* _REQUIRED WORK_
Copy out exactly the lines beginning with the one that contains "Apartamento 4 dormitórios" and ending at the last line of the listing, skipping any pictures.

* _DATA SEGMENT_
____________

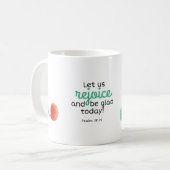 Kinder katten en garen Bijbelverse mok (Voorkant links)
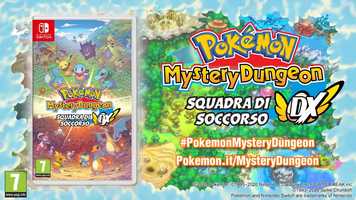 Free download Pokmon Mystery Dungeon- Squadra di soccorso DX - Trailer di presentazione (Nintendo Switch) video and edit with RedcoolMedia movie maker MovieStudio video editor online and AudioStudio audio editor onlin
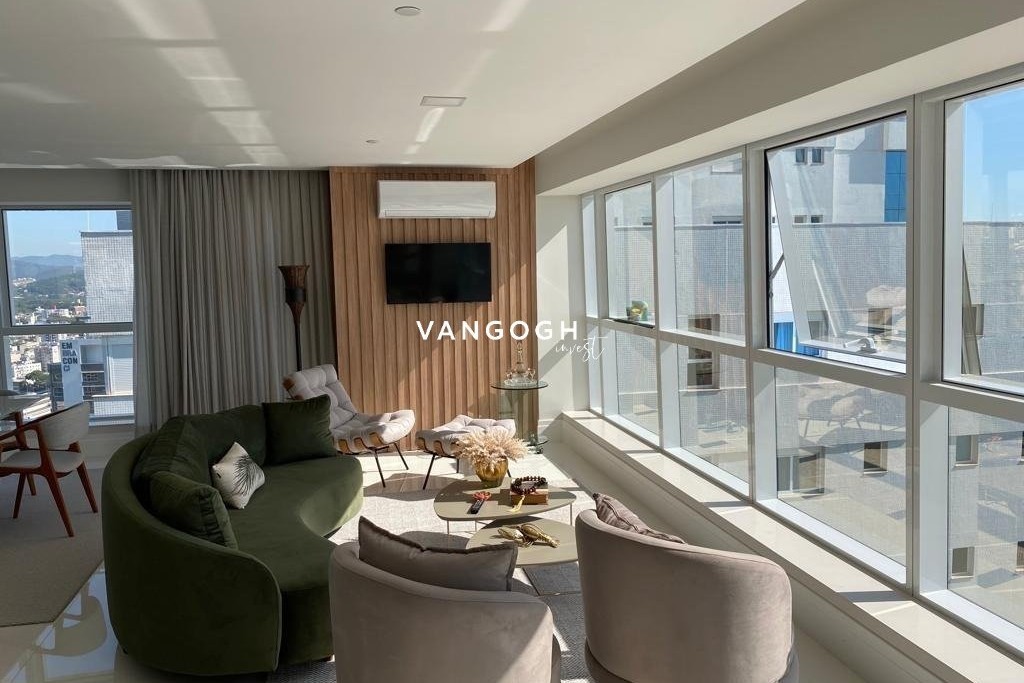 Apartamento 4 dormitórios Epic Tower, Frente Mar - Balneário Camboriú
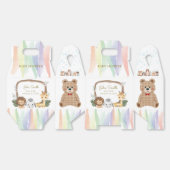 Caja de regalo フェイバーボックス (見開き)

____________

* _WRITTEN ANSWER_
 Apartamento 4 dormitórios Epic Tower, Frente Mar - Balneário Camboriú
 Caja de regalo フェイバーボックス (見開き)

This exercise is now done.